Do credentialing examinations for nurses, such as the NCLEX-RN and specialty certification exams, put minority and foreign-educated candidates at a disadvantage? Or are these tests indeed culturally sensitive and fair to all who take them, regardless of race, ethnicity or national origin? There are no easy answers to this thorny question, which is currently the subject of much debate among minority nursing leaders.
One way the organizations that create these exams can maximize the chances of the playing field being level is to make sure nurses from culturally diverse backgrounds are involved in the test development process. The American Nurses Credentialing Center (ANCC), an ANA subsidiary that offers more than 40 certification exams in a wide range of specialties, is seeking qualified nurses of color to write examination items (questions) or to serve on content expert panels (CEPs) that review the items and develop test content outlines.
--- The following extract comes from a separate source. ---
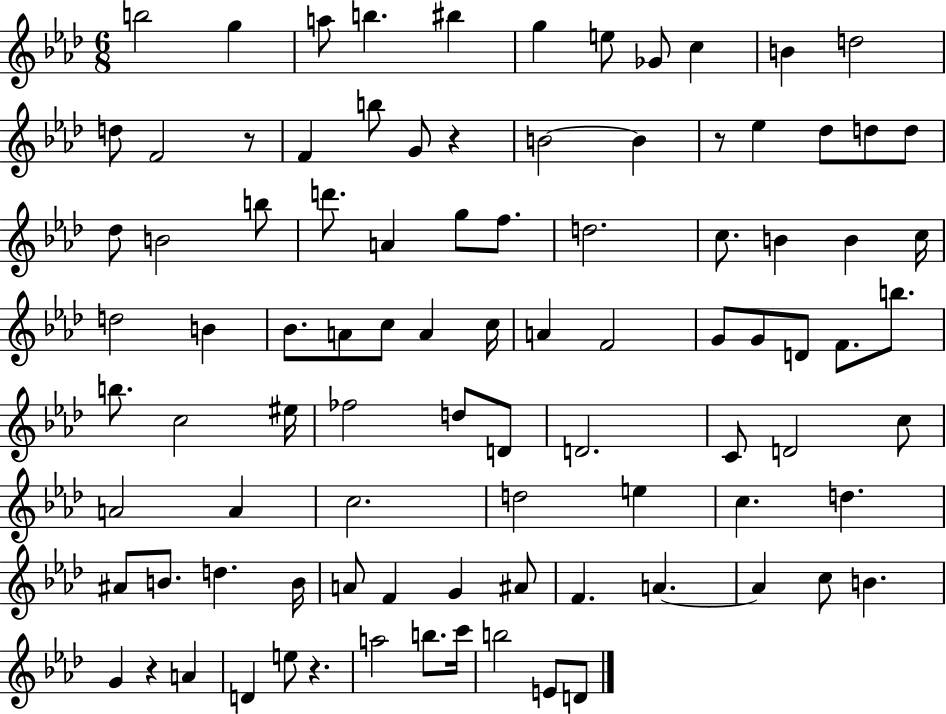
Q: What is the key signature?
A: AES major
Item writers and reviewers don’t have to be academics or have test development experience, but they must be certified in their nursing specialty.
Why is it so important to have more racial and ethnic minority nurses serving in these capacities? “One of the advantages of having minority nurses involved in developing exams is that they can look for bias [in questions] against a particular group,” says Dr. David Paulson, ANCC’s director of Measurement Services. The CEPs generally convene twice a year for three-day test review workshops in Washington, D.C. At these workshops, Paulson explains, “if any cultural or ethnic issues come up regarding a test question, it is helpful to have minority nurses represented there to discuss any items that may be biased.”
Item writers participate in an intensive three-day training session in Washington (all expenses paid). They are then required to research, write and submit 80 exam questions over a one-year period. Content expert panel members must attend the review workshops plus participate in approximately three conference calls a year. Some at-home review work may also be required. While writers and reviewers are not paid for their services, they do receive a substantial reduction in the number of continuing education contact hours required for their recertification.